From the instances selected as Kubernetes hosts, select one to serve as the cluster's master node.

Master
  1. SSH into the instance selected as the Kubernetes master
ssh ubuntu@<master-instance-public-ip>
  1. Clone this repository
git clone https://github.com/MAYHEM-Lab/Depot
  1. Run the Kubernetes master installation script
sudo ./deploy/platform/k8s/master.sh
  1. Save the generated output command resulting from installation script invocation
  2. Change owner of Kubernetes credential file to ubuntu:
chown ubuntu:ubuntu /etc/kubernetes/admin.conf
  1. On local machine (SSH client), copy the Kubernetes credentials over to authorize kubectl:
mkdir -p ~/.kube
scp ubuntu@<master-instance-public-ip>:/etc/kubernetes/admin.conf ~/.kube/config
Worker
  1. SSH into the instance selected as the Kubernetes master
ssh ubuntu@<master-instance-public-ip>
  1. Run the generated command from installation of Kubernetes master
echo "...." >> /etc/hosts && kubeadm join ...

Services

In addition to the MySQL and RabbitMQ credentials from the aforementioned steps, you will need your Github OAuth App credentials and Eucalyptus access keys to configure and deploy the services.

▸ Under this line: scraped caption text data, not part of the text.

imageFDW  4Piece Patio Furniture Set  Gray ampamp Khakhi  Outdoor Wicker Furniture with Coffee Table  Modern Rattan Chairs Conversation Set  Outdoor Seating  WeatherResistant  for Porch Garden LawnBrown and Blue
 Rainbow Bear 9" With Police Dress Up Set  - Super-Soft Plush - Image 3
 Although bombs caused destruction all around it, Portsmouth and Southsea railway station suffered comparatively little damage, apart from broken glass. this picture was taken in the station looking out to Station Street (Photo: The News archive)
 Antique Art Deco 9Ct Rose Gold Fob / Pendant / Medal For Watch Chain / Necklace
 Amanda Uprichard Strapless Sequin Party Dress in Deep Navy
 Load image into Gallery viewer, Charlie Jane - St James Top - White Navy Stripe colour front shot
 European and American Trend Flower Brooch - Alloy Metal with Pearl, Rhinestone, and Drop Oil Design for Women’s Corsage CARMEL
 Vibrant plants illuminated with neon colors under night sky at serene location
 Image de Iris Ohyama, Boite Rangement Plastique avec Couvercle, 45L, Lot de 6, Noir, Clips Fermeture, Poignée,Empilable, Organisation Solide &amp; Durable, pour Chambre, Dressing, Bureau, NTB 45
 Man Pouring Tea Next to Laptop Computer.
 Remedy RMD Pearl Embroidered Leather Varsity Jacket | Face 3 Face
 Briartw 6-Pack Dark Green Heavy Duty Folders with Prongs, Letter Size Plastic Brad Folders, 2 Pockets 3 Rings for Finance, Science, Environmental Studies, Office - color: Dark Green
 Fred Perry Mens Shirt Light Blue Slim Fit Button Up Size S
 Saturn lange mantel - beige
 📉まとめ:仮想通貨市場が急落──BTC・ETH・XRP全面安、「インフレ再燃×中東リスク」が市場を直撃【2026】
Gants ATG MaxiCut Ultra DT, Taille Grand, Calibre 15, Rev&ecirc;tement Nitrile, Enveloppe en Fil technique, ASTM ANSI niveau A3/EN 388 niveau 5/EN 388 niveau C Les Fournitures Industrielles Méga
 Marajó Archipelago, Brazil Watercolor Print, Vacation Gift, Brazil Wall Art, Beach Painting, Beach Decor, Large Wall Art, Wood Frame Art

  1. Generate the Depot access key. Store this securely somewhere - it is used to interact with the Depot REST API in an administrative manner.
access_key=$(tr -dc A-Za-z0-9 </dev/urandom | head -c 13 ; echo '')
  1. Generate the Depot JWT key. This will be used to sign user tokens. Do not save or distribute this.
jwt_secret=$(tr -dc A-Za-z0-9 </dev/urandom | head -c 13 ; echo '')
  1. Create Kubernetes secrets
kubectl create secret generic mysql-credentials \ 
  --from-literal=host="$mysql_host" \
  --from-literal=username="$mysql_username" \
  --from-literal=password="$mysql_password"

kubectl create secret generic rabbitmq-credentials \
  --from-literal=host="$rabbitmq_host" \
  --from-literal=username="$rabbitmq_username" \
  --from-literal=password="$rabbitmq_password"

kubectl create secret generic github-credentials \
  --from-literal=client_id="$github_client_id" \
  --from-literal=client_secret="$github_client_secret"

kubectl create secret generic auth-keys \
  --from-literal=jwt_secret="$jwt_secret" \
  --from-literal=access_key="$access_key"

kubectl create secret generic cloud-credentials \
  --from-literal=access_key="$cloud_access_key" \
  --from-literal=secret_key="$cloud_secret_key"
  1. Create Kubernetes deployments and services
kubectl apply -f deploy/system/manager.yaml
kubectl apply -f deploy/system/notebook-router.yaml
kubectl apply -f deploy/system/frontend.yaml
  1. After the Eucalyptus load balancer registers and discovers the frontend service, the Depot platform should be available at the load balancer's DNS name. This process may take a few minutes.

User Clusters

Clusters used by users and organizations to dispatch transformations and execute notebooks are deployed as self-contained Kubernetes namespaces.

Creation

User clusters are managed with Depot's clusterctl tool.

  1. Identify Depot endpoint and admin access key. If the steps above were followed, the endpoint is the DNS name of the Eucalyptus load balancer and the access key should have been securely stored.
  2. Identify entity name for which the cluster should be created (username or organization name)
  3. Create cluster
./deploy/cluster/clusterctl -k <key> -s <endpoint> create <entity> <cluster-name>
  1. The created cluster's Spark capacity can be managed by modifying the spark-worker deployment in the cluster's namespace.